Tennyson’s Suppressed Poems

XLIX

Suggested by Reading an Article in a Newspaper

Published in The Examiner, February 14, 1852, and never reprinted nor acknowledged. The proof sheets of the poem, with alterations in Tennyson’s autograph, were offered for public sale in 1906.

To the Editor of The Examiner.
    SIR,—I have read with much interest the poems of Merlin. The enclosed is longer than either of those, and certainly not so good: yet as I flatter myself that it has a smack of Merlin’s style in it, and as I feel that it expresses forcibly enough some of the feelings of our time, perhaps you may be induced to admit it.

TALIESSEN.

Alfred Tennyson


HOW much I love this writer’s manly style!
    By such men led, our press had ever been
The public conscience of our noble isle,
    Severe and quick to feel a civic sin,
To raise the people and chastise the times
With such a heat as lives in great creative rhymes.

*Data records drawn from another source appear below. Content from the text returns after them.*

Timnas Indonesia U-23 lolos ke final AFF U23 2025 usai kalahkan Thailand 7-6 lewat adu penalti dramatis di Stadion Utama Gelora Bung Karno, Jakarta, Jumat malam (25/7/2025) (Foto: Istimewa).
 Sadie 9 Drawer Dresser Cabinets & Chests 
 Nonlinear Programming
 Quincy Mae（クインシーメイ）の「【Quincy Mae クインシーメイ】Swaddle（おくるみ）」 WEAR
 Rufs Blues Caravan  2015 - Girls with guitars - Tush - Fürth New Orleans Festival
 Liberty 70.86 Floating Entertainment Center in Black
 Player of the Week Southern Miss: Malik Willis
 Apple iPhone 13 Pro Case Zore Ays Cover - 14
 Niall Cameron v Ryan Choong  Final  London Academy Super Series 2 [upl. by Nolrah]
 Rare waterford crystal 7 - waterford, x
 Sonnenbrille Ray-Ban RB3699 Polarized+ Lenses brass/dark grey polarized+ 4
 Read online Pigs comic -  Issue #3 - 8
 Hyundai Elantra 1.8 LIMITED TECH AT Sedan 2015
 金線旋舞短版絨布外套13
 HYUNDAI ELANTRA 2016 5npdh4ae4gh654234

O you, the Press! what good from you might spring!
    What power is yours to blast a cause or bless!
I fear for you, as for some youthful king,
    Lest you go wrong from power in excess.
Take heed of your wide privileges! we
The thinking men of England, loathe a tyranny.

A freeman is, I doubt not, freest here;
    The single voice may speak his mind aloud;
An honest isolation need not fear
    The Court, the Church, the Parliament, the crowd.
No, nor the Press! and look you well to that—
We must not dread in you the nameless autocrat.

And you, dark Senate of the public pen,
    You may not, like yon tyrant, deal in spies.
Yours are the public acts of public men,
    But yours are not their household privacies.
I grant you one of the great Powers on earth,
But be not you the blatant traitors of the hearth.

You hide the hand that writes: it must be so,
    For better so you fight for public ends;
But some you strike can scarce return the blow;
    You should be all the nobler, O my friends.
Be noble, you! nor work with faction’s tools
    To charm a lower sphere of fulminating fools.

But knowing all your power to heat or cool,
    To soothe a civic wound or keep it raw,
Be loyal, if you wish for wholesome rule:
    Our ancient boast is this—we reverence law.
We still were loyal in our wildest fights,
Or loyally disloyal battled for our rights.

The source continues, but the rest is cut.